19

I scrapped some html via xpath, that I then converted into an etree. Something similar to this:

<td> text1 <a> link </a> text2 </td>

but when I call element.text, I only get text1 (It must be there, when I check my query in FireBug, the text of the elements is highlighted, both the text before and after the embedded anchor elements...

Kijewski
  • 25,517
  • 12
  • 101
  • 143
user522034
  • 221
  • 1
  • 3
  • 5

8 Answers8

18

Use element.xpath("string()") or lxml.etree.tostring(element, method="text") - see the documentation.

Teddy
  • 6,013
  • 3
  • 26
  • 38
  • toString(element, method="text") almost works, but it also returns the text of the embedded anchor element, which I don't want. – user522034 Jan 24 '11 at 07:36
  • element.text + child.tail works, but I wish element.text worked the way I want it to :) – user522034 Jan 24 '11 at 07:38
  • element.xpath("string()") returns same result as *.tostring(). I tried xpath("text()") which doesn't return the text of the anchor element, but it returns a list of 2 strings. Thanks for pointing out some stuff though. – user522034 Jan 24 '11 at 07:51
10

As a public service to people out there who may be as lazy as I am. Here's some code from above that you can run.

from lxml import etree

def get_text1(node):
    result = node.text or ""
    for child in node:
        if child.tail is not None:
            result += child.tail
    return result

def get_text2(node):
    return ((node.text or '') +
            ''.join(map(get_text2, node)) +
            (node.tail or ''))

def get_text3(node):
    return (node.text or "") + "".join(
        [etree.tostring(child) for child in node.iterchildren()])


root = etree.fromstring(u"<td> text1 <a> link </a> text2 </td>")

print root.xpath("text()")
print get_text1(root)
print get_text2(root)
print root.xpath("string()")
print etree.tostring(root, method = "text")
print etree.tostring(root, method = "xml")
print get_text3(root)

Output is:

snowy:rpg$ python test.py 
[' text1 ', ' text2 ']
 text1  text2 
 text1  link  text2 
 text1  link  text2 
 text1  link  text2 
<td> text1 <a> link </a> text2 </td>
 text1 <a> link </a> text2 
demented hedgehog
  • 7,007
  • 4
  • 42
  • 49
7

Another thing that seems to be working well to get the text out of an element is "".join(element.itertext())

Jonathan
  • 8,453
  • 9
  • 51
  • 74
7

looks like an lxml bug to me, but according to design if you read the documentation.

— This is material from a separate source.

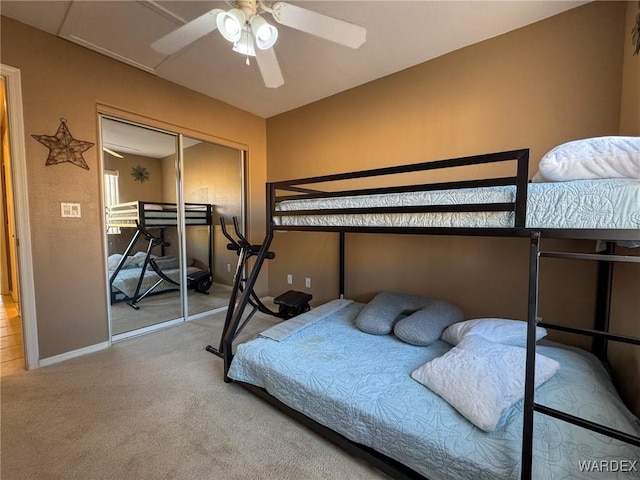 bedroom featuring a ceiling fan, carpet, a closet, and baseboards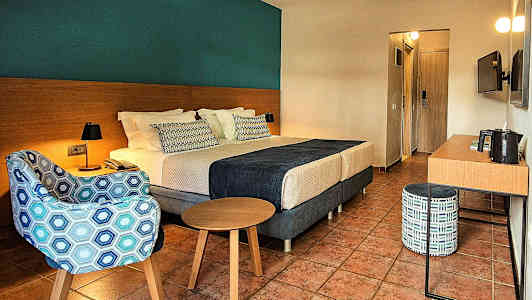 Et hotellrom med en dobbeltseng, lenestol, bord og skrivebord. (AI-generert tekst)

I've solved it like this:

def node_text(node):
    if node.text:
        result = node.text
    else:
        result = ''
    for child in node:
        if child.tail is not None:
            result += child.tail
    return result
Jaap Versteegh
  • 761
  • 7
  • 15
  • 2
    It's not a bug, actually it's the feature that allows you to interpose text among subelements when building an XML element: http://stackoverflow.com/q/38520331/694360 – mmj Jul 22 '16 at 07:45
  • Thanks for pointing that out. I guess that is useful, but imho it would be a lot clearer if `.text` would just return the full text and some other suitably named property would contain only the part up to the first subelement. How about `node.head`. This also gives a clue that what you'll want next is `child.tail` without having to stackoverflow first. – Jaap Versteegh Jul 27 '16 at 19:36
3
<td> text1 <a> link </a> text2 </td>

Here's how it is (ignoring whitespace):

td.text == 'text1'
a.text == 'link'
a.tail == 'text2'

If you don't want a text that is inside child elements then you could collect only their tails:

text = td.text + ''.join([el.tail for el in td])
jfs
  • 399,953
  • 195
  • 994
  • 1,670
1
def get_text_recursive(node):
    return (node.text or '') + ''.join(map(get_text_recursive, node)) + (node.tail or '')
dmzkrsk
  • 2,011
  • 2
  • 20
  • 30
0

If the element is equal to <td>. You can do the following.

element.xpath('.//text()')

It will give you a list of all text elements from self (the meaning of the dot). // means that it will take all elements and finally text() is the function to extract text.

Jonathan
  • 8,453
  • 9
  • 51
  • 74
0
element.xpath('normalize-space()') also works.
softwarevamp
  • 827
  • 10
  • 14